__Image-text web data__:
-- Opening Marker --

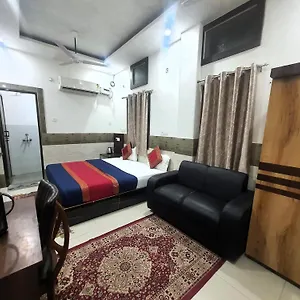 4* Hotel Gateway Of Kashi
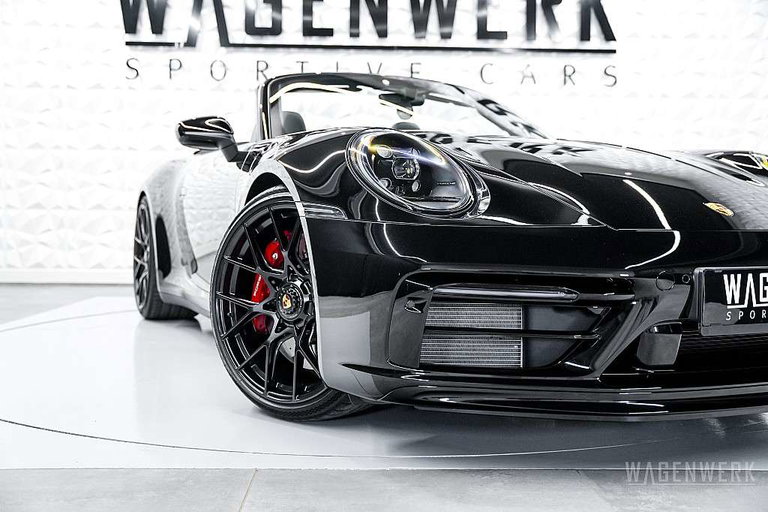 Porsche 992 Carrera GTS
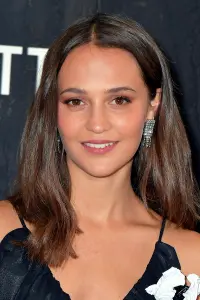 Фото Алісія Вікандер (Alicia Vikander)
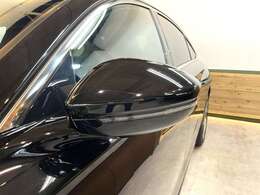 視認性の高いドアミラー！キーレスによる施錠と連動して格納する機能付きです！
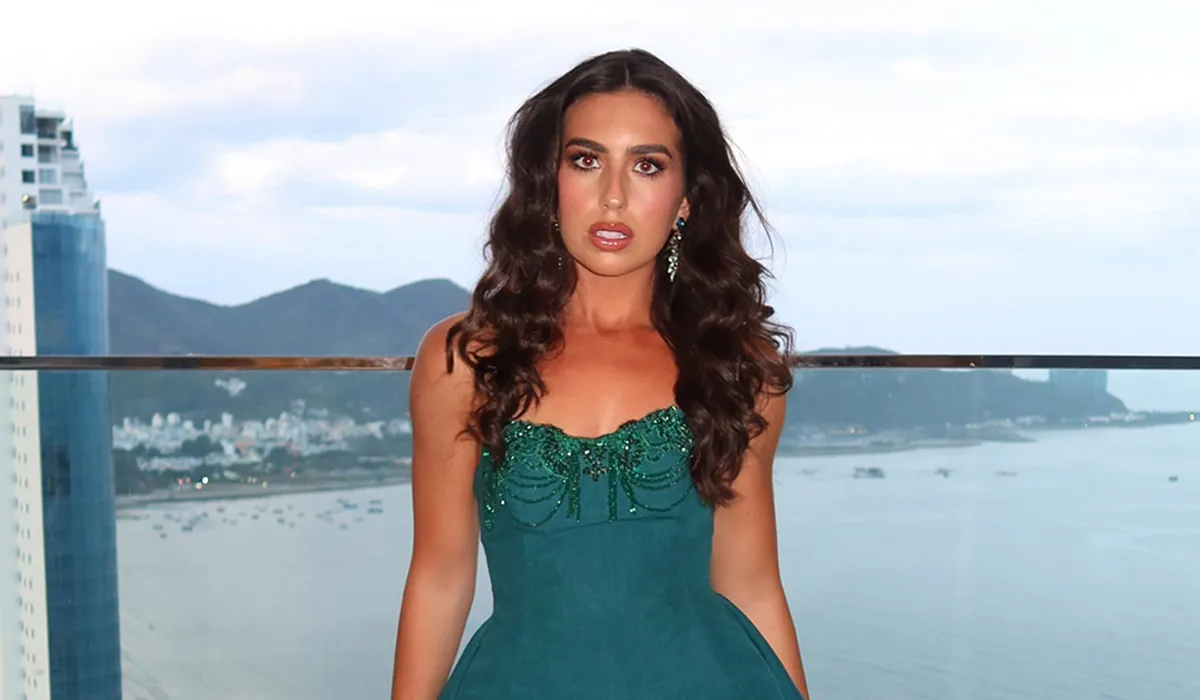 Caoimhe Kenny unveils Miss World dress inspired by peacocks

-- Closing Marker --

__To do__: An exact reproduction of the data is required, with pictures excluded.

__Task output__:
 4* Hotel Gateway Of Kashi
 Porsche 992 Carrera GTS
 Фото Алісія Вікандер (Alicia Vikander)
 視認性の高いドアミラー！キーレスによる施錠と連動して格納する機能付きです！
 Caoimhe Kenny unveils Miss World dress inspired by peacocks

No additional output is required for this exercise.